Transfer of Property Act 1882

 Q. What do you understand by "Transfer of Property" by act of parties?
      Explain the essentials of transfer of property under the transfer of Property Act. 

Answer

1. INTRODUCTION: In all the human societies, at every episode of human history, it has been the post prominent of all phenomena that people give the other what they have, in order to take from the other what they have not. This act of giving has been termed as 'transfer'/ Property may be transferred in two ways: one by an act of living parties, such as sale, gift, lease, etc., and second by operation of law, such as succession, inheritance, etc. In latter by Muslim Personal Law and the Succession Act. 

2. RELEVANT PROVISIONS: Section 5 of the Transfer of Property Act defines the expression 'transfer of property' and also explains the terms "living person". 

Section - 5
"Transfer of property" defined. In the following section. "transfer of property" means an act by which a living person conveys property, in present or in future, to one or more other living persons, or to himself, [or to himself] and one or more other living persons; and "to transfer property" is to perform such act. 
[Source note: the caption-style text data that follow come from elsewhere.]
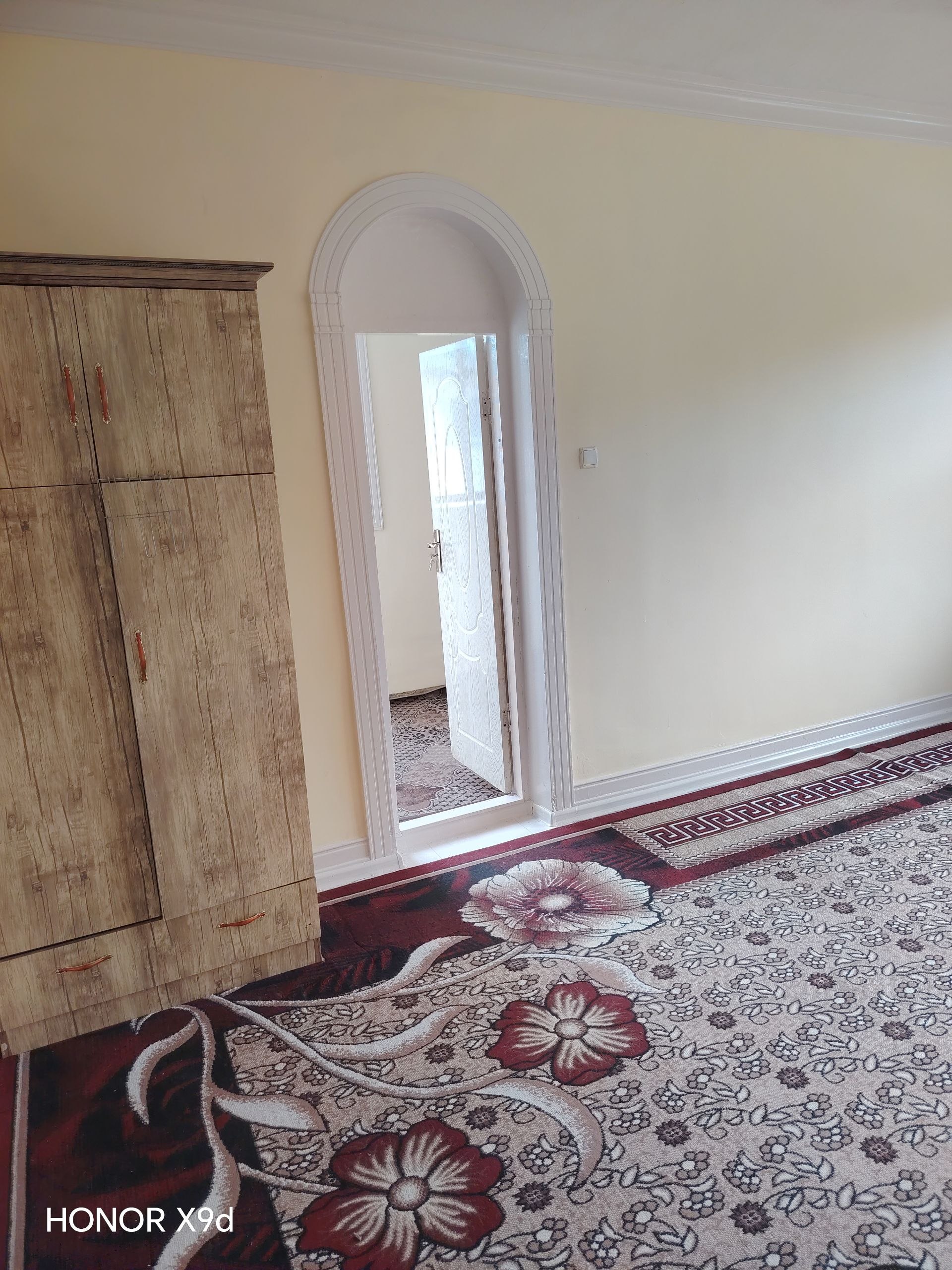 4 қаватли ғиштли бино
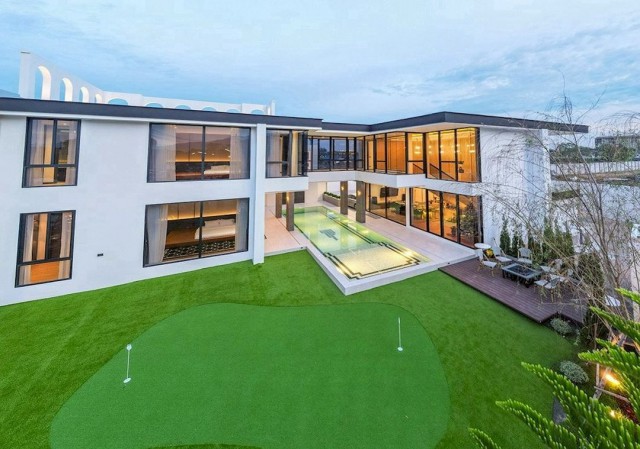 บ้านพูลวิลล่าหรู Modern Luxury | ราคา 39 ล้านบาท  #ใกล้รวมโชคมอลล์ ทำเลดี ใกล้เมืองเชียงใหม่ | ห่างจากโรงเรียน #นานาชาตินครพายัพ เพียง 900 เมตรรายละเอียดตัวบ้าน:• ขนาดที่ดิน 167.6 ตร.วา• พื้นที่ใช้สอย 550 ตร.ม.• 5 ห้องนอน | 6 ห้องน้ำ• ห้องนอนทุกห้องเป็น Master Bedroom มีอ่างจากุซซี่ในตัว• สระว่ายน้ำระบบเกลือ + หัวสปา• ที่จอดรถ 4 คัน• สวนสน สนามหญ้าสำหรับพัตกอล์ฟ• ตกแต่งครบ Built-in ทั้งหลัง พร้อมเฟ�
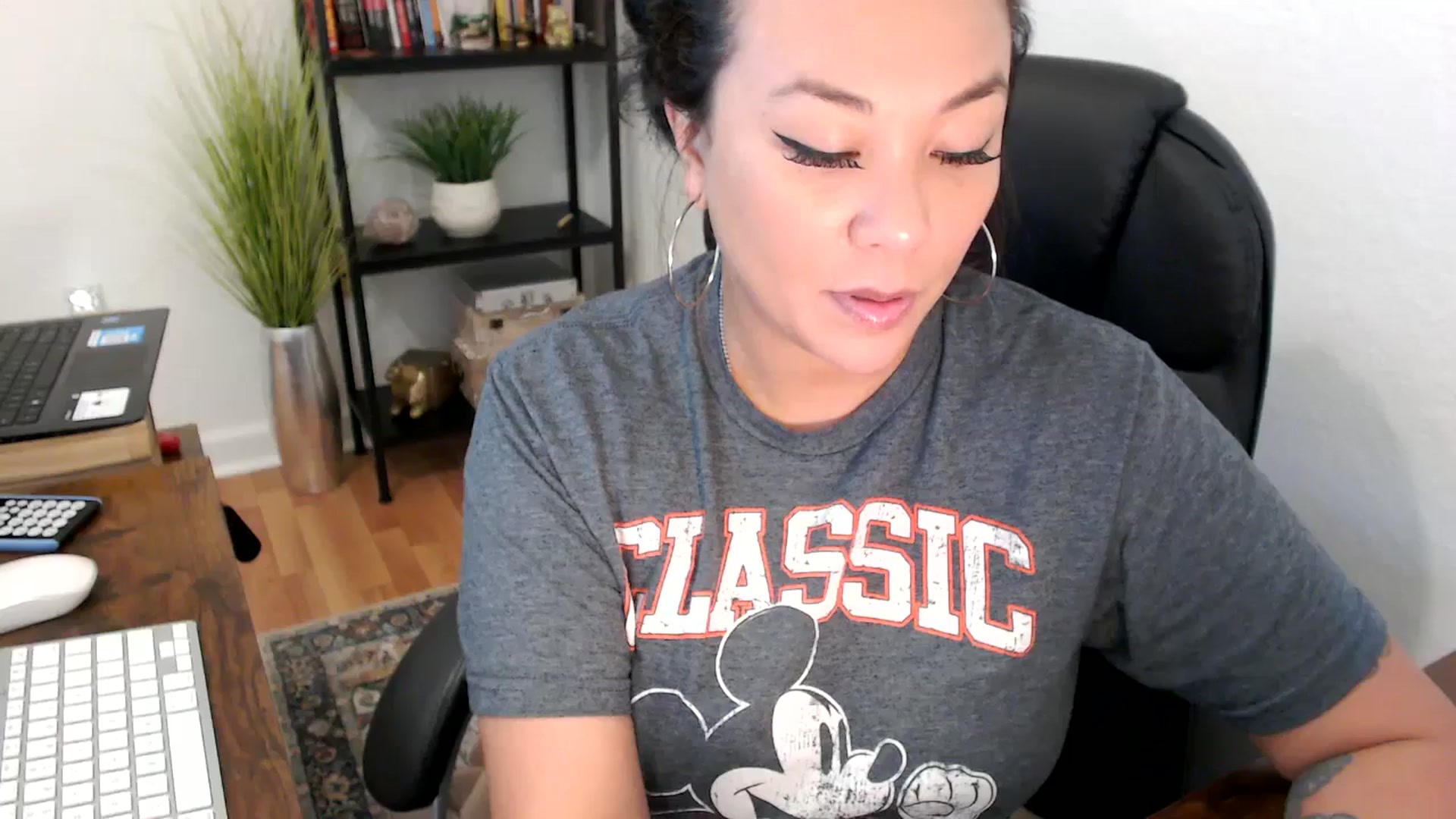 Gallery image thumbnail from MickaylaMinx's myfreecams stream on, 11/25/2024, 18:58 image 19 of 20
3. DEFINITION OF "TRANSFER"

  1. BLACK'S LAW DICTIONARY (6th EDITION): Transfer is "an act of the parties, or of law, by which the title to property is conveyed, direct or indirect, of disposing of or parting with property or with property or with an interest therein, or with the possession thereof, or of fixing a lien upon property or upon an interest therein, absolutely and conditionally, voluntarily or involuntarily, by or without judicial proceedings, as a conveyance, sale , payment, pledge, mortgage, lien, encumbrance, gift, security or otherwise"
  2. CASE LAW DEFINITIONS: 
    (i). ILR 5 ALL. 137(FB): The word transfer is used in the most generic significance, as comprehending all the species of a contract which pass real right in property from one living person to another living person.
    (ii). AIR 1966 SC 1300: In its general sense, the expression 'transfer of property' connotes the passing of rights in the property from one person to another. In one case there may be a passing of the entire bundle of rights from the transferor to the transferee. In another case, the transfer may consist of one of the estates only out of all the estates comprising the totality of rights in the property. In a third case, there may be a reduction of the exclusive interest in the totality of rights of the original owner into a joint or shared interest with other persons.
  3. OXFORD DICTIONARY: 'Transfer' means 'to convey', remove or hand over a thing, or, to make over the possession of a property to a person.
4. ESSENTIALS OF TRANSFER OF PROPERTY: Section 5 of the T.P. Act, 1882, postulate that the following essentials must be there to constitute a valid transfer under the Act.
  1. There must be a property.
  2. There must be conveyance of property.
  3. Conveyance must be effected by a living person.
  4. Property must be conveyed to a living person.
  5. Conveyance may be in future or in present.
  6. Conveyance may be to another or to oneself.
  7. It must be an act inter parties and not by operation of law.
5. EXPLANATION OF ESSENTIAL OF TRANSFER:
  1. THERE MUST BE A PROPERTY: The term "property" simply means "the thing or things owned or possessed". According to Black's Law Dictionary, property denotes "an aggregate of rights respected and appreciated by law". 
             The word 'property' is a most comprehensive term, descriptive of every possible interest in a thing which a man can have or possess. It includes everything which may be owned and have a value. It denotes...
    i) Corporal things.
    ii) Rights in the nature of ownership
    iii) Rights of exclusive possession and enjoyment short of ownership
    iv) Merely rights, which do not involve possession, though they may involve a use, as a right of          easement.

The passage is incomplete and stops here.